I'm having trouble trying to map nested conditions onto an intuitive interface.
eg. How would you represent ((Condition1 AND Condition2) OR (Condition1 AND Condition5)) AND Condition4
Here's a screenshot of prototype I did for a linux app a few years ago. You could click on the +/- icons to add rows to a group and click on the "add new..." and "remove last..." buttons to remove the bottom-most group.
Above each group was a couple of menubuttons that had the choices of "AND items that match..." / "OR items that match..." (except for the first group which varied slightly), and "ANY of the following" / "ALL of the following". Each row was type-aware, so if you selected a string for the variable the conditions would be "IS", "IS NOT", "BEGINS WITH" and so on.
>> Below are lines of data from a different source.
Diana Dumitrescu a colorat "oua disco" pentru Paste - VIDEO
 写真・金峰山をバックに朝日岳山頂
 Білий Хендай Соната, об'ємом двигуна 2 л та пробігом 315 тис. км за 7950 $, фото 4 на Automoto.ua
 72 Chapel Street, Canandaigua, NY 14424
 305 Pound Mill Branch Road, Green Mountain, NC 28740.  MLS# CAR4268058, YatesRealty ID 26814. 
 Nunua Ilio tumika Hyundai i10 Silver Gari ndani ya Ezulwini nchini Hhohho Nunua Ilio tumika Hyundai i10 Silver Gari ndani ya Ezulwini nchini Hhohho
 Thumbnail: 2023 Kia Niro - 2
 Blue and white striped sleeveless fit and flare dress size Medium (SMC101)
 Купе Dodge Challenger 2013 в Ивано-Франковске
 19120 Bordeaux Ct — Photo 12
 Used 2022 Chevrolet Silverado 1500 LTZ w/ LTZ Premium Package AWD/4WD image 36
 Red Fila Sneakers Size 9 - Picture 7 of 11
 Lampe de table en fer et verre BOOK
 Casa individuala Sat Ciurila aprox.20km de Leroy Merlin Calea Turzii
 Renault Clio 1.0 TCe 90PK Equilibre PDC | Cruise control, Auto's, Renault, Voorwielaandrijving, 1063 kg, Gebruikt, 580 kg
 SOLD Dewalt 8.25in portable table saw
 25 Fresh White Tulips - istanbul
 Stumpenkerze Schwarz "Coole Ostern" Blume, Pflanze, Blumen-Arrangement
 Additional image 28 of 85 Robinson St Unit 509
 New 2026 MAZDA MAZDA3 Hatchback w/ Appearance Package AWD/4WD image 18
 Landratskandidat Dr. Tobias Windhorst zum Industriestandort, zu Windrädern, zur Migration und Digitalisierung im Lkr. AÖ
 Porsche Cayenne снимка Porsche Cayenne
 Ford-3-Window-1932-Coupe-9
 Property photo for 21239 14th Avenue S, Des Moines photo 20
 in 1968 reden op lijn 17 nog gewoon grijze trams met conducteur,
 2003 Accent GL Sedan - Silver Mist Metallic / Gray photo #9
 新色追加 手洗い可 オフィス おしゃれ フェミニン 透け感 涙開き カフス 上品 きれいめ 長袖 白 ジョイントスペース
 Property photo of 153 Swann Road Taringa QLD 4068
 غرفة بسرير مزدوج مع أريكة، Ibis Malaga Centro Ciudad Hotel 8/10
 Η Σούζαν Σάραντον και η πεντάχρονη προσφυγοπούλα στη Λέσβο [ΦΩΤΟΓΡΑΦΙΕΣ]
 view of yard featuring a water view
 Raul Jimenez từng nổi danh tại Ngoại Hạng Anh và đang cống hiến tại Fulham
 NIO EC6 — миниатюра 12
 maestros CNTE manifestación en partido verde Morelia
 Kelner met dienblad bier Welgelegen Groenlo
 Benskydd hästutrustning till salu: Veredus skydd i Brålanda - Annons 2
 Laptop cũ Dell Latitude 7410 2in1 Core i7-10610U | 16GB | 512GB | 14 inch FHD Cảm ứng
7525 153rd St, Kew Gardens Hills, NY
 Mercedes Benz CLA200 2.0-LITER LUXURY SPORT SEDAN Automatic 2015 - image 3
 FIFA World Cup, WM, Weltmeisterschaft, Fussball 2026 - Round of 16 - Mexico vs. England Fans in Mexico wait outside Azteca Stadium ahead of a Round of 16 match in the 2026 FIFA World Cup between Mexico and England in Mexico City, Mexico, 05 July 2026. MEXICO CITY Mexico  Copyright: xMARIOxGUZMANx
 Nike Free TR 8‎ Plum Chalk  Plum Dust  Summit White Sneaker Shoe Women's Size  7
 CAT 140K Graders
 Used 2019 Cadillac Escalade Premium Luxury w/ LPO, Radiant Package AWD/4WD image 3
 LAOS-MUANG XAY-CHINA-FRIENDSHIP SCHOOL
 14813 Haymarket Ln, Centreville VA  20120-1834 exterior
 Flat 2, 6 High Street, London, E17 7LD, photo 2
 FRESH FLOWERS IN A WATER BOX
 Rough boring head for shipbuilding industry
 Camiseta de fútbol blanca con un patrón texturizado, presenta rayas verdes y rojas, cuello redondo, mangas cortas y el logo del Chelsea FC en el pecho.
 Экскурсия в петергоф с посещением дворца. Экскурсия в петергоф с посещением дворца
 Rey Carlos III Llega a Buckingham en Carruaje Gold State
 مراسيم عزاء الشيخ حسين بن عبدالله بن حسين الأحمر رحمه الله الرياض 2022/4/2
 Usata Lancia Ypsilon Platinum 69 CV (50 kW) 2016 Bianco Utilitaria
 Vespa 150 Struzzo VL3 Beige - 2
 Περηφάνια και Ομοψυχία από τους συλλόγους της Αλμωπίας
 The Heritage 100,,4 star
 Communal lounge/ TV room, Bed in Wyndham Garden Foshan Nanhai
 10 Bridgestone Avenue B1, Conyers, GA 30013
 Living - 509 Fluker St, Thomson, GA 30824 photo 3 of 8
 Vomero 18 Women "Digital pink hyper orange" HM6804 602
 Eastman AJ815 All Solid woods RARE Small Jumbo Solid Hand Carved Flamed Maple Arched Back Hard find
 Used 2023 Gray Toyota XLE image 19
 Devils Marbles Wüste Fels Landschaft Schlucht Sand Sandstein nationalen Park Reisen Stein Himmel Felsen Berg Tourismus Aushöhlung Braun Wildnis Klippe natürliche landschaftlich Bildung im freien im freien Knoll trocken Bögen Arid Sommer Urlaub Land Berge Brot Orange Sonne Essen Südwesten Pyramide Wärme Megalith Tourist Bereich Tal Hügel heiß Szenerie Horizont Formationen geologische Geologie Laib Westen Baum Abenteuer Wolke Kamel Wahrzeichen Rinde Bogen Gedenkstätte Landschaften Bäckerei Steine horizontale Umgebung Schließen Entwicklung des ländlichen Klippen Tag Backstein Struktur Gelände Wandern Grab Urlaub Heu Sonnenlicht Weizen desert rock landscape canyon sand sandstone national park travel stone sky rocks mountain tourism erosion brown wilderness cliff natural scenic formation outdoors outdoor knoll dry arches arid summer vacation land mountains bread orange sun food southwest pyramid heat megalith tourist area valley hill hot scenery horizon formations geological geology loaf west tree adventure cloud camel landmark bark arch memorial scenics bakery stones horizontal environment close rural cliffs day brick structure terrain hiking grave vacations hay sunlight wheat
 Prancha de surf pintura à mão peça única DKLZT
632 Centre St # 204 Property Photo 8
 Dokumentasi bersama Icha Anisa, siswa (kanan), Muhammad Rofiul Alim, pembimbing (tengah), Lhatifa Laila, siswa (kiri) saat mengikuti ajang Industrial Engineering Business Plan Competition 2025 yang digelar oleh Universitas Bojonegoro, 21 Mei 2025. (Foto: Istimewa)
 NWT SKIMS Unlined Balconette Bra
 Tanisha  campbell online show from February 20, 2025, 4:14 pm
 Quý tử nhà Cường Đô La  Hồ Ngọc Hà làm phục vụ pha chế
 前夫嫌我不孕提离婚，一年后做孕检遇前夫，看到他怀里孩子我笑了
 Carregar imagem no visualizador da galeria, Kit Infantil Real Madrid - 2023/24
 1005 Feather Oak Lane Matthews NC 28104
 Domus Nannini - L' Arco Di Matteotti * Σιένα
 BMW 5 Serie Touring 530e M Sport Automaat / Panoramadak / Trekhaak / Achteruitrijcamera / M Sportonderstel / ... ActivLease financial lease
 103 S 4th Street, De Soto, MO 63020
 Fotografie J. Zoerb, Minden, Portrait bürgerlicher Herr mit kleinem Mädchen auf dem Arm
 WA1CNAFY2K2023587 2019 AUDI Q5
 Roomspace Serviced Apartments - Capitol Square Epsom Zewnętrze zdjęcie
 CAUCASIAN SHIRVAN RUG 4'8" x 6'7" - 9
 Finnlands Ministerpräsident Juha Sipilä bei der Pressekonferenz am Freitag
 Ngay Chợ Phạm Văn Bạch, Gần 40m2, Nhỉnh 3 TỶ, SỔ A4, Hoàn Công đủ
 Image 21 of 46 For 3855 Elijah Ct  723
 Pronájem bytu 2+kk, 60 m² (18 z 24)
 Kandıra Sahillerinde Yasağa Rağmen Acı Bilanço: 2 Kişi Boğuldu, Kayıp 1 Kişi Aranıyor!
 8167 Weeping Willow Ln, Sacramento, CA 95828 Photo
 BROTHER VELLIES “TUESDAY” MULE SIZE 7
For integers you would get "IS", "GREATER THAN", etc, and for dates "ON", "BEFORE", "ON OR BEFORE" and so on.
Where you see the word "or" before the second and third row of the first group, that would be "or" if "ANY of the following" was selected, and "and" if "ALL of the following:" was selected to reinforce the choice and make it easier to "read" the dialog.
It wouldn't let you do any conceivable query but I think it covered about 90% of what an average user would want to do and did it in what I thought was a fairly usable way.
(source: clearlight.com)
Some people would argue this is as intuitive as it gets.